Ce qui devait être un simple rassemblement politique a tourné court ce mardi matin vers 10h, sur le terrain de Funu, dans la commune de Kadutu. Le meeting, convoqué par Samuel Byamungo Kazimiri – bourgmestre nommé par l’administration rebelle de l’AFC/M23 – visait à mobiliser les jeunes pour rejoindre l’Armée Révolutionnaire Congolaise (ARC), bras armé du mouvement rebelle.
Selon Luc Ilunga, chef du quartier Cimpunda, une grenade a été lancée par des individus non identifiés au moment où le bourgmestre s’adressait à la foule. L’explosion, qui a frôlé de près l’autorité communale sans le blesser, a semé la panique. Aucune communication officielle sur le bilan n’a encore été publiée, mais des blessés et plusieurs décès ont été rapportés, notamment à cause d’un véhicule ayant fauché des passants sur l’Avenue Industrielle en tentant de fuir la scène.
Des éléments du M23 escortant le bourgmestre ont répliqué en tirant des coups de feu, intensifiant la panique dans la commune.

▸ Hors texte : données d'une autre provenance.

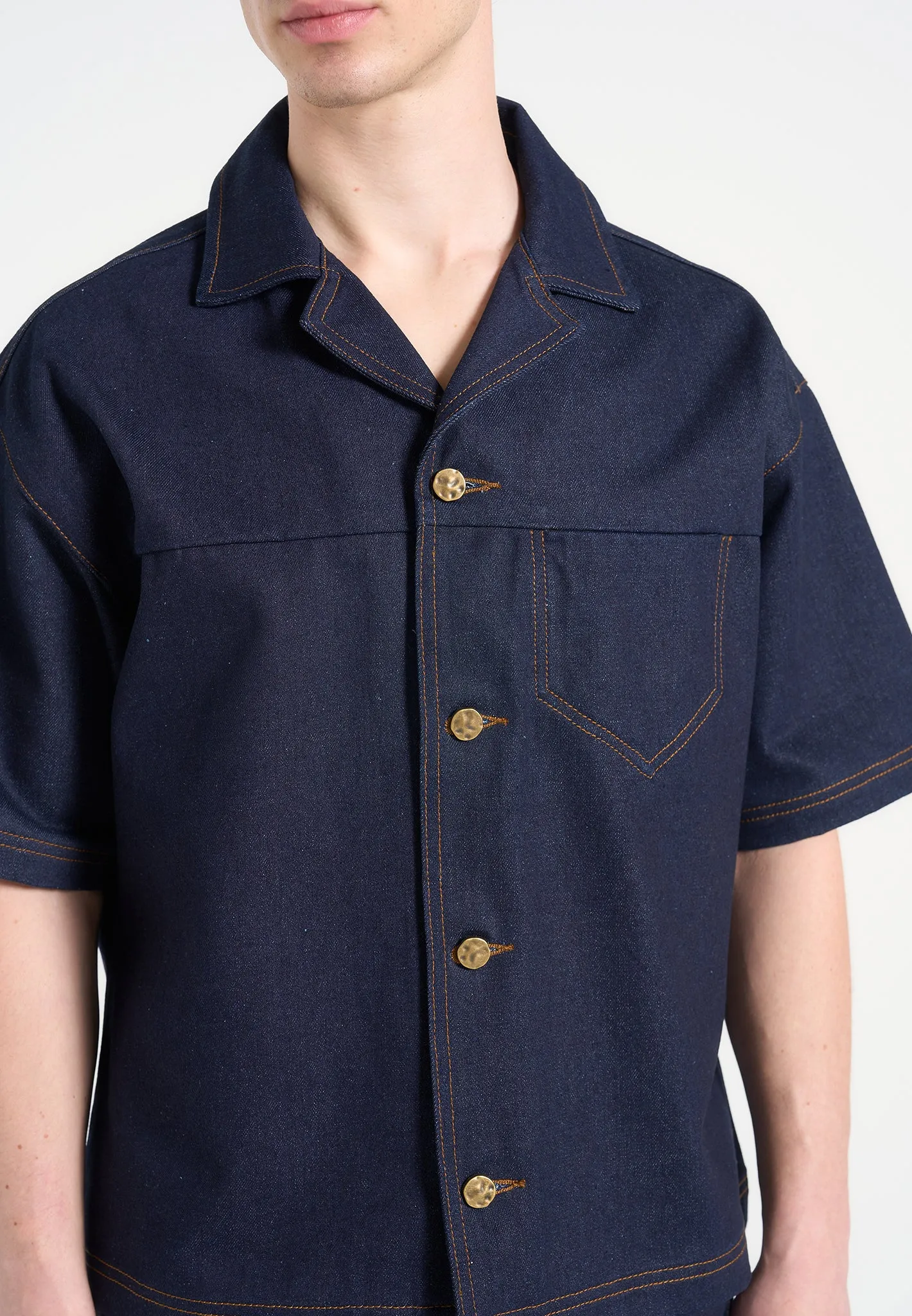 Carl - Boxy Denim Revere Shirt - Indigo sold by Maniere De Voir product image thumbnail 3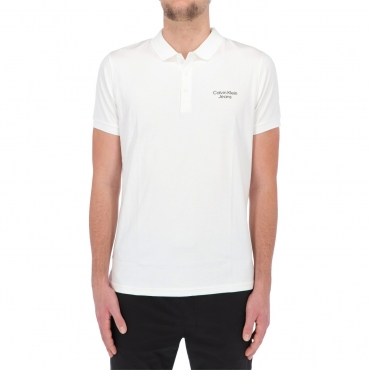 Polo Calvin Klein Jeans Uomo Stacked Logo YAF BRIGHT WHITE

Le choix du terrain de Funu n’est pas anodin : il s’agit du même lieu où, peu avant l’entrée du M23 à Bukavu, le politicien local Jules Kahasha, dit Foka Mike, avait organisé un important meeting appelant la jeunesse à résister à “l’agression rwandaise et à ses supplétifs du M23”. Ce précédent avait donné au terrain une forte symbolique patriotique.
Ce contexte confère une charge politique particulière au meeting organisé par le M23. Plusieurs observateurs s’interrogent sur les intentions derrière l’utilisation de ce site. S’agissait-il d’une volonté d’effacer la mémoire d’un acte de résistance ou de réaffirmer un contrôle politique sur un lieu désormais symbolique ?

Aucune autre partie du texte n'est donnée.